=== Begin Enclosure ===

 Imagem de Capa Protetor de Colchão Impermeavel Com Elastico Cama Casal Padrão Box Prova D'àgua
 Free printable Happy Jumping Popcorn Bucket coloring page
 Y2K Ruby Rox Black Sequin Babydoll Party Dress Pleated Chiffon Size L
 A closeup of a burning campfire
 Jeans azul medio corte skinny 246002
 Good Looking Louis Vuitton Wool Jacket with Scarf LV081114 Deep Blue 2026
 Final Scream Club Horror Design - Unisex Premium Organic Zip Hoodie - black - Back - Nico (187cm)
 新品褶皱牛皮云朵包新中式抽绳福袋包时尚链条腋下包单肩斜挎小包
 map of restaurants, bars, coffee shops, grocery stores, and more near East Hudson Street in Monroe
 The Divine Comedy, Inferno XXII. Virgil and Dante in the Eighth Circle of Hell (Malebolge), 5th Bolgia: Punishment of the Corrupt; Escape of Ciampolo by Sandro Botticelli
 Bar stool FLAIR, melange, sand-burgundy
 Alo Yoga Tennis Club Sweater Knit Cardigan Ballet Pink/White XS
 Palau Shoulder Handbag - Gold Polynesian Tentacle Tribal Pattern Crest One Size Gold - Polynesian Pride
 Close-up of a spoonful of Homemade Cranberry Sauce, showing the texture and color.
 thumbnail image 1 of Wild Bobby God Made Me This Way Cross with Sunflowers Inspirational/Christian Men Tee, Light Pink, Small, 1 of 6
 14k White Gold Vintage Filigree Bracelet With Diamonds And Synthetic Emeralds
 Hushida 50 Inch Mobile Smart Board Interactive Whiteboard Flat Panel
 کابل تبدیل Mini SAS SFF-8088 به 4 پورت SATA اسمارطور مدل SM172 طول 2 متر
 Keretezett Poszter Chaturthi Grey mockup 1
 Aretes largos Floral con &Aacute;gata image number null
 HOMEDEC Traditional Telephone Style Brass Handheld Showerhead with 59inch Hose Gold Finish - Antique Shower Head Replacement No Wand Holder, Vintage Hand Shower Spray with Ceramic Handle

=== End Enclosure ===

**YOUR ASSIGNMENT:**
Only this range is to be output: the line that contains "thumbnail image 1" through the last line of the records above, both inclusive.

**EXPECTED ANSWER:**
 thumbnail image 1 of Wild Bobby God Made Me This Way Cross with Sunflowers Inspirational/Christian Men Tee, Light Pink, Small, 1 of 6
 14k White Gold Vintage Filigree Bracelet With Diamonds And Synthetic Emeralds
 Hushida 50 Inch Mobile Smart Board Interactive Whiteboard Flat Panel
 کابل تبدیل Mini SAS SFF-8088 به 4 پورت SATA اسمارطور مدل SM172 طول 2 متر
 Keretezett Poszter Chaturthi Grey mockup 1
 Aretes largos Floral con &Aacute;gata image number null
 HOMEDEC Traditional Telephone Style Brass Handheld Showerhead with 59inch Hose Gold Finish - Antique Shower Head Replacement No Wand Holder, Vintage Hand Shower Spray with Ceramic Handle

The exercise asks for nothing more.